▶ _Input records_:
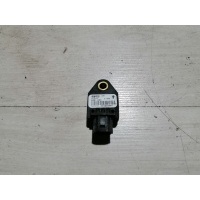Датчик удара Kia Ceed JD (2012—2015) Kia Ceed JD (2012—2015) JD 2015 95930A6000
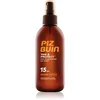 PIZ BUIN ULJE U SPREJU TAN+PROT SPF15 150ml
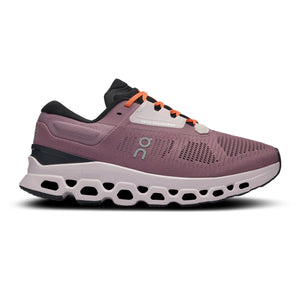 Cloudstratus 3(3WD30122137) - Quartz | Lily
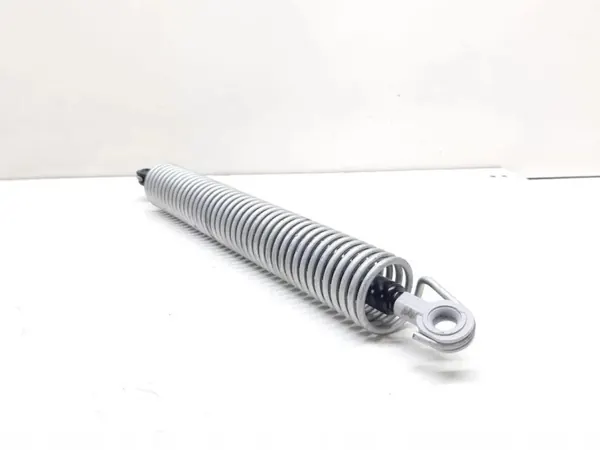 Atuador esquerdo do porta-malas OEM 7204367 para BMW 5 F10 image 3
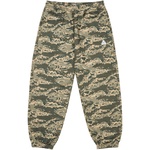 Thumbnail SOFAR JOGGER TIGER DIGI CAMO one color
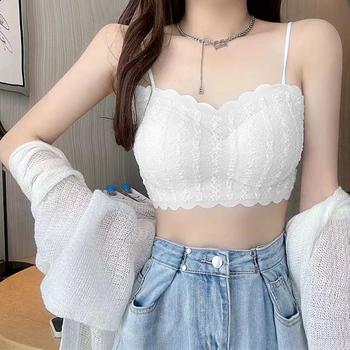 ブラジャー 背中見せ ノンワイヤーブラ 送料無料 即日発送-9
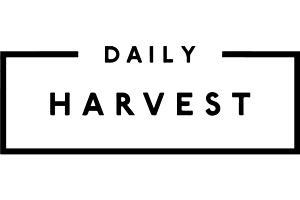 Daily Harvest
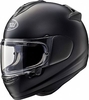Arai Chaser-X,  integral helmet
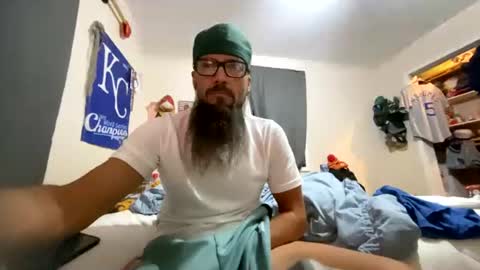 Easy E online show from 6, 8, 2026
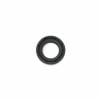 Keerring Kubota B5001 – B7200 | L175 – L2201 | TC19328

* * *

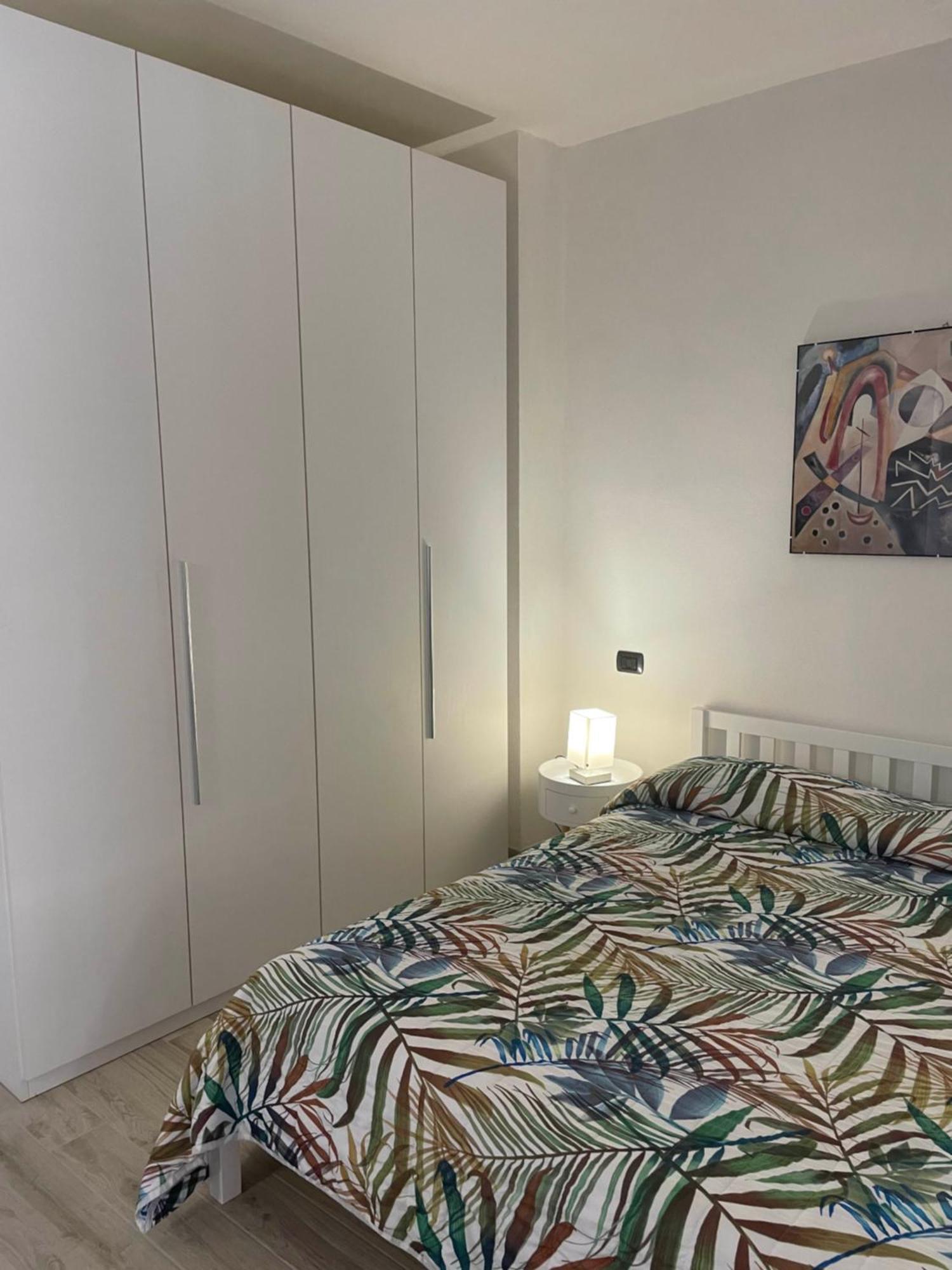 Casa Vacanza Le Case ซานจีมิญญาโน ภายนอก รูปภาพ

▶ _Problem to solve_: Of all the material above, only the lines from the one that has "Easy E online show from 6, 8, 2026" down to the one that has "Keerring Kubota B5001" are to be written out, exactly and with both ends included. Pictures are skipped.

▶ _Task solution_:
 Easy E online show from 6, 8, 2026
 Keerring Kubota B5001 – B7200 | L175 – L2201 | TC19328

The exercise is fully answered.